Diggi Palace has been hosting the DSC Jaipur Literature Festival for five years now, but this year’s program attracted more attention than in any of the years past. The Indian press seemed to have finally awoken to the magnitude and significance of the festival, but the focus of each section of the press was on wildly different facets of the festival: some questioned the very utility of literature festivals, while others focused on the nature of – and need for – freedom of expression and censorship in India. God made his presence felt, and atheists threw insults at him. The local press, as in past years, published pictures of smartly dressed women smoking cigarettes and drinking wine, enthralled by the opportunity to witness at close quarters evidence of supposed moral decay.
The programme sheet for the festival said that the festival had been able to create a democratic space where authors, politicians, film stars and the audience mix together as equals. Into this mix was thrown Oprah Winfrey, ostensibly a film star herself, and, through her book club, a most influential promoter of literature. But, she didn’t mix democratically. Instead, her presence at the festival brought hundreds of additional policemen to shoo away thousands of people who came as pilgrims to the shrine of celebrity. Pakistan, Jerusalem, and the literature of protest were being discussed in parallel sessions, but the press only picked up on Oprah, in a sari, smarming about the beauty of India and the good sense in arranged marriages. The press, the police, and the politicians even forgot Rushdie for the day.

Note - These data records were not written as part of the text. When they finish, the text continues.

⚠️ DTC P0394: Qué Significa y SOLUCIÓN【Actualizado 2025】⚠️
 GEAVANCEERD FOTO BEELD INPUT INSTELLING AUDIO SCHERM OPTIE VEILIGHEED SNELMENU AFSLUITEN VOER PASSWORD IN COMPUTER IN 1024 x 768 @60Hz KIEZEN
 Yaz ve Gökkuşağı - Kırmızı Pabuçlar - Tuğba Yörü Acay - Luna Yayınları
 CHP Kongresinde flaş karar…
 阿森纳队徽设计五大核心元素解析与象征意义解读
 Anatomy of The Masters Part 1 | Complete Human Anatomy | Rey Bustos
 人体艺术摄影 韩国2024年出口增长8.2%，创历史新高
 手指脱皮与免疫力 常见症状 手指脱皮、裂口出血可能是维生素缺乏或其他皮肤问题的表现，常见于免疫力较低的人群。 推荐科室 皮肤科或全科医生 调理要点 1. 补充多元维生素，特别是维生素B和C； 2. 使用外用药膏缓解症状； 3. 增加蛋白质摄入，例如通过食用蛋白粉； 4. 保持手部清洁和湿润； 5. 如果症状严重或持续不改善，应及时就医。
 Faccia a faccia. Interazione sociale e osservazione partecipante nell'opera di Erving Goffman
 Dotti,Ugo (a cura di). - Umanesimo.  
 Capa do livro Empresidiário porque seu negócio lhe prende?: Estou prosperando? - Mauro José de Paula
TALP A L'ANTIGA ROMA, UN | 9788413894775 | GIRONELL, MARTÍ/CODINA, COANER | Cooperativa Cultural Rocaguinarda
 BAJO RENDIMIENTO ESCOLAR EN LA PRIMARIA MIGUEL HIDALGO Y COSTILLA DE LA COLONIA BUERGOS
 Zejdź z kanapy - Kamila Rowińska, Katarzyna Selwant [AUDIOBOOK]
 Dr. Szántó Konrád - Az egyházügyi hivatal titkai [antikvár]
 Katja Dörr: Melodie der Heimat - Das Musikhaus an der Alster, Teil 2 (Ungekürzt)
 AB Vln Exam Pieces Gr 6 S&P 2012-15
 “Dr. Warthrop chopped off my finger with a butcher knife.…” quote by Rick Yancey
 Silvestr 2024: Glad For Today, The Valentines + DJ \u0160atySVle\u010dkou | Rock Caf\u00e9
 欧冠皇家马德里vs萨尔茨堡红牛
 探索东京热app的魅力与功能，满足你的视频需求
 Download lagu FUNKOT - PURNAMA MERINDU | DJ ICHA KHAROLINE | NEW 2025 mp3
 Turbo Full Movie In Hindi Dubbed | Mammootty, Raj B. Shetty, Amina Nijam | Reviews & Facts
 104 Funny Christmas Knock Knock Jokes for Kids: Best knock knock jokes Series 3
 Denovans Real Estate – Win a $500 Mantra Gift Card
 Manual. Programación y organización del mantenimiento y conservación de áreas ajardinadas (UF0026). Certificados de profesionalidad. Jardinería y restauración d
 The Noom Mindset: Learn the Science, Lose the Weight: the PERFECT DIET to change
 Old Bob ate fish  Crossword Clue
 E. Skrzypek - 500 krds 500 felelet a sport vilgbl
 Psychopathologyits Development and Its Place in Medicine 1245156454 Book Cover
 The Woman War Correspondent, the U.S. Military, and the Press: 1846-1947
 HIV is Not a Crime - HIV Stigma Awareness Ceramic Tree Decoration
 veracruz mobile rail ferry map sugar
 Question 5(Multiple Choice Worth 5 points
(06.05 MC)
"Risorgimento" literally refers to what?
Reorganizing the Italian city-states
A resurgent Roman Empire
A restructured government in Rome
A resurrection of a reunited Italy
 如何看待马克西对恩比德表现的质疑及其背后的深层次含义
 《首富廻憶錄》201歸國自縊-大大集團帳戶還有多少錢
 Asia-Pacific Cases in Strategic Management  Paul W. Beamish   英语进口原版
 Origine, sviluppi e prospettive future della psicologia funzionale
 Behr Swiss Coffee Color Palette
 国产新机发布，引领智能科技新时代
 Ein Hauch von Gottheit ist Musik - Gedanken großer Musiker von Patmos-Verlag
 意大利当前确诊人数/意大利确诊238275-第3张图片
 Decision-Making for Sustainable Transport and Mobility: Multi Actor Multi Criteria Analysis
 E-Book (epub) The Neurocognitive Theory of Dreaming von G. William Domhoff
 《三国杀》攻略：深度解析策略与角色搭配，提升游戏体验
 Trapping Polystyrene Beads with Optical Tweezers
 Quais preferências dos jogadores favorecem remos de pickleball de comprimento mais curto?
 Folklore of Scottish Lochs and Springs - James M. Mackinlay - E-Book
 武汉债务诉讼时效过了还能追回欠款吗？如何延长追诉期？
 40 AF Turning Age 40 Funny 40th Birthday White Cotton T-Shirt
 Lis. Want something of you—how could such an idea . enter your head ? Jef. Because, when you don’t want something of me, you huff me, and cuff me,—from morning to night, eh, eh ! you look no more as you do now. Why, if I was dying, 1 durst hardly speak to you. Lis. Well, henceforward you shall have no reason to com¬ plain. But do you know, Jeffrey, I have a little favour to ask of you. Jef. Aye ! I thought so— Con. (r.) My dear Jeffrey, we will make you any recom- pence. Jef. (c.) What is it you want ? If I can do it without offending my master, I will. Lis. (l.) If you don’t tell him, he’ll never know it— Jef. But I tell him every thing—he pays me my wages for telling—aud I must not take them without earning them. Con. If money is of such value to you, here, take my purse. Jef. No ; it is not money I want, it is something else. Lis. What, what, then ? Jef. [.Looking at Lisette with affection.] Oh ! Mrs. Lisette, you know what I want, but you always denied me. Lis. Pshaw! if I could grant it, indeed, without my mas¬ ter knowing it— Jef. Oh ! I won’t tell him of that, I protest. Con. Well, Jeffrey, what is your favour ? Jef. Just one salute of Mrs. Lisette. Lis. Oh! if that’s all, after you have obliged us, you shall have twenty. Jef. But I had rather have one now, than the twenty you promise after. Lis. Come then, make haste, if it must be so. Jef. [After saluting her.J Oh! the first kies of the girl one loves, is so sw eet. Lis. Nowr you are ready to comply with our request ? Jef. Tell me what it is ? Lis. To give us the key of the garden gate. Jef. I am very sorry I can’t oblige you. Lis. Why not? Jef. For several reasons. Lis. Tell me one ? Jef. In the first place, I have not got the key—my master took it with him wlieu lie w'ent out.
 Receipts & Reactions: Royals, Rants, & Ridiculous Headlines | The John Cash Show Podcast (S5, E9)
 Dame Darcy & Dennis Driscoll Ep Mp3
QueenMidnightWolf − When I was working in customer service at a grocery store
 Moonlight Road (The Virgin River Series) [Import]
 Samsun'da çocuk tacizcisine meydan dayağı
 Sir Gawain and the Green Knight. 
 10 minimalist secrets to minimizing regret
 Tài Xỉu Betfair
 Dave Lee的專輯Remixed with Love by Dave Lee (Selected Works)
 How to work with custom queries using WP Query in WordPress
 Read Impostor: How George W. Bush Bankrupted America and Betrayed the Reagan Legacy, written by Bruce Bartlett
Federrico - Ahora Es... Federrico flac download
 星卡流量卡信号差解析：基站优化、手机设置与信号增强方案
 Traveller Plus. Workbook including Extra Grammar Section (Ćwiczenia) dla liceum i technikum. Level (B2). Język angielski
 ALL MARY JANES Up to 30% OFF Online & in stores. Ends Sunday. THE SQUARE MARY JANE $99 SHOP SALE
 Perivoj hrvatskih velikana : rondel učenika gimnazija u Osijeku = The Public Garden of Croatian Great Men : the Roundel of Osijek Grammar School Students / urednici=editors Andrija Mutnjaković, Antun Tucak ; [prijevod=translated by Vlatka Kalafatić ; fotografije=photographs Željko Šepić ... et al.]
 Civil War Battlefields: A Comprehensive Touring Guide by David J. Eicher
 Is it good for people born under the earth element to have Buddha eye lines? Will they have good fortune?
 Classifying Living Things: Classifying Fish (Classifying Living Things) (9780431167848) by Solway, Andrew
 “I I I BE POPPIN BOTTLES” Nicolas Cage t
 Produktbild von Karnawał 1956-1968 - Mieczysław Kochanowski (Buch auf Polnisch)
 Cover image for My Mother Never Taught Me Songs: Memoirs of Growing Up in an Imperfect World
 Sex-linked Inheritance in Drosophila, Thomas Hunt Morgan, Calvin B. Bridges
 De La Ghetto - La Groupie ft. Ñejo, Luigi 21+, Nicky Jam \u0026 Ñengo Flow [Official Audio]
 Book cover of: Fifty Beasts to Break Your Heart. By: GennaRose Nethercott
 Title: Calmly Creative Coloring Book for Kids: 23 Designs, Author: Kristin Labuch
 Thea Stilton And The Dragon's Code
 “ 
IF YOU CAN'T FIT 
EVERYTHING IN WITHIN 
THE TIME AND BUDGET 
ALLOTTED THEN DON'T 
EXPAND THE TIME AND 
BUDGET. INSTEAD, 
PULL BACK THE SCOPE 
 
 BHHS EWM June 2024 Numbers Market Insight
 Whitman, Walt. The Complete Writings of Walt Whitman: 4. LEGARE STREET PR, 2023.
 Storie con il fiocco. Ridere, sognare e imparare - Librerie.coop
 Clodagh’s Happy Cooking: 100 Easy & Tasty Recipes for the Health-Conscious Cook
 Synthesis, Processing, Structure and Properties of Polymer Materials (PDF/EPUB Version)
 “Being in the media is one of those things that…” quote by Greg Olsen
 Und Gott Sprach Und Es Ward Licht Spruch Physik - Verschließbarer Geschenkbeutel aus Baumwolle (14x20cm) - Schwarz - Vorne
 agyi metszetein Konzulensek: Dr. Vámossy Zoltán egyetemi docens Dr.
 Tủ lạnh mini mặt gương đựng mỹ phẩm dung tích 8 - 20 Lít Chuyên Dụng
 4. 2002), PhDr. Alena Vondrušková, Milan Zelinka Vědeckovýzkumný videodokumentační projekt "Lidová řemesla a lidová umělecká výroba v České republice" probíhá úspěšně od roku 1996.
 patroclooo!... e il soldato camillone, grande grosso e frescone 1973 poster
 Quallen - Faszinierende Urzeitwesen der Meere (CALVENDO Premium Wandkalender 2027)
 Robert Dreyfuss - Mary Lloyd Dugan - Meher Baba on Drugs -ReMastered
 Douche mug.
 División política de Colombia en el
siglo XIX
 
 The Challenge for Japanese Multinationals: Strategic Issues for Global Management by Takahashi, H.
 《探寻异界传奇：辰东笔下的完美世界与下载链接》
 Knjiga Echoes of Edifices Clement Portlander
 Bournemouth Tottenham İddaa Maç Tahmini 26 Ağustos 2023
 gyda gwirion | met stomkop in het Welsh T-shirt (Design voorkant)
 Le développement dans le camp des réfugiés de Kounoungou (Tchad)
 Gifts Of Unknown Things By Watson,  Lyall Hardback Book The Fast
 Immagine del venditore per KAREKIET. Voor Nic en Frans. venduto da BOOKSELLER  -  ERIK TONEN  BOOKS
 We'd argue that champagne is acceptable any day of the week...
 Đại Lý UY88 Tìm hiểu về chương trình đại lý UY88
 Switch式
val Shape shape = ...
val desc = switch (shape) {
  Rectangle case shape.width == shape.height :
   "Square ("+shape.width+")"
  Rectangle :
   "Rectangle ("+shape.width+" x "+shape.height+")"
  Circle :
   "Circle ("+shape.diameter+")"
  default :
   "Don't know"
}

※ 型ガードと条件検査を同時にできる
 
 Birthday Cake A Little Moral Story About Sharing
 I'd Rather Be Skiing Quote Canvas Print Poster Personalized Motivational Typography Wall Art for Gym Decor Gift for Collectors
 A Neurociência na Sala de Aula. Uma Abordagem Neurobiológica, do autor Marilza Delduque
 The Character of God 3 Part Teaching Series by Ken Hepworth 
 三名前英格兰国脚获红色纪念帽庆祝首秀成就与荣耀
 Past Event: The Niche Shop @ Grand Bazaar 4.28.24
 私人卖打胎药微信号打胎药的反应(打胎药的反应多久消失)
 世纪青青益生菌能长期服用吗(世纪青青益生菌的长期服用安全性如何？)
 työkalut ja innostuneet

Rushdie’s part in the absurdist play of politics around this year’s Jaipur Literature Festival has been much discussed, and most of the political, religious and intellectual backlash on the festival has been focused on him, his absence and his presence. More so than god, Rushdie seemed omnipresent and omnipotent: capable of stirring discord, manifesting himself in every session regardless of the purported topic of discussion, capable of speaking from beyond the seas. Even so, there were probably more people turned away after queuing for hours to see Oprah than there were on either side of the debate surrounding Rushdie and freedom of expression in India. On one hand was the grave struggle for an individual’s right to foster doubt alongside faith, and on the other was celebrity and glitz. On the one hand was Kiran Nagarkar, a writer’s writer, author of the critically acclaimed novel Cuckold, complaining about how his book hasn’t sold, and on the other hand was the Bollywood masala of TV personality Yana Gupta, batting her eyelids for the cameras, talking up her dieting book How to Love Yourself and Get the Body You Love. Girish Karnad, a towering personality in the Indian theatre scene, was refused a seat by a schoolgirl waiting for her friends, while Chetan Bhagat, bestselling author of forgettable fare, was being mobbed by schoolgirls filling up scented notebooks with celebrity autographs. Glitz often triumphed over gravity.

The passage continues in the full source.